WORK TASK: All lines from the one containing "Ljubomir Radanović u" down to the one containing "iNFOnews.ca PJ Haggerty", both ends included, are to be given again exactly; omit the rest of the listing below.
┌─ MATERIALS PROVIDED
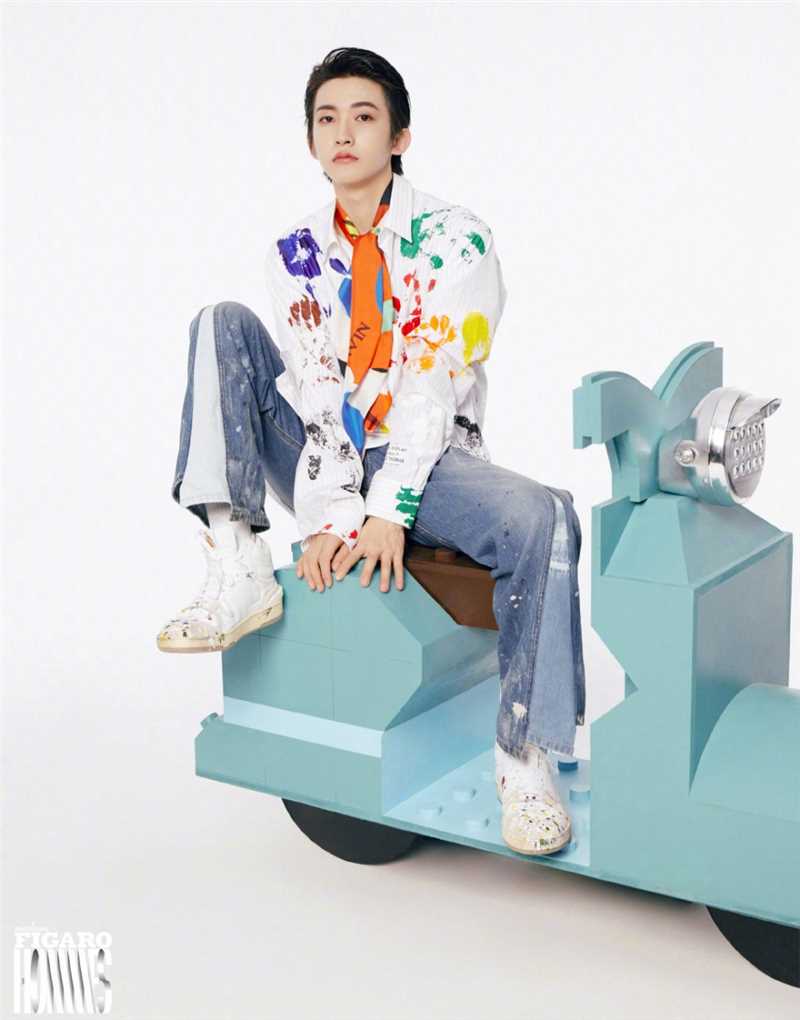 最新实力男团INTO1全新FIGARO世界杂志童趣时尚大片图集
└─
┌─ MATERIALS PROVIDED
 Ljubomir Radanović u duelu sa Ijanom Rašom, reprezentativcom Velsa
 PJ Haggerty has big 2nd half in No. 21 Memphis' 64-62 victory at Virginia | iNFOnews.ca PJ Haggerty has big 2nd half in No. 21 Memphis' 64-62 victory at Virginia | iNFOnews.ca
└─
RESPONSE:
 Ljubomir Radanović u duelu sa Ijanom Rašom, reprezentativcom Velsa
 PJ Haggerty has big 2nd half in No. 21 Memphis' 64-62 victory at Virginia | iNFOnews.ca PJ Haggerty has big 2nd half in No. 21 Memphis' 64-62 victory at Virginia | iNFOnews.ca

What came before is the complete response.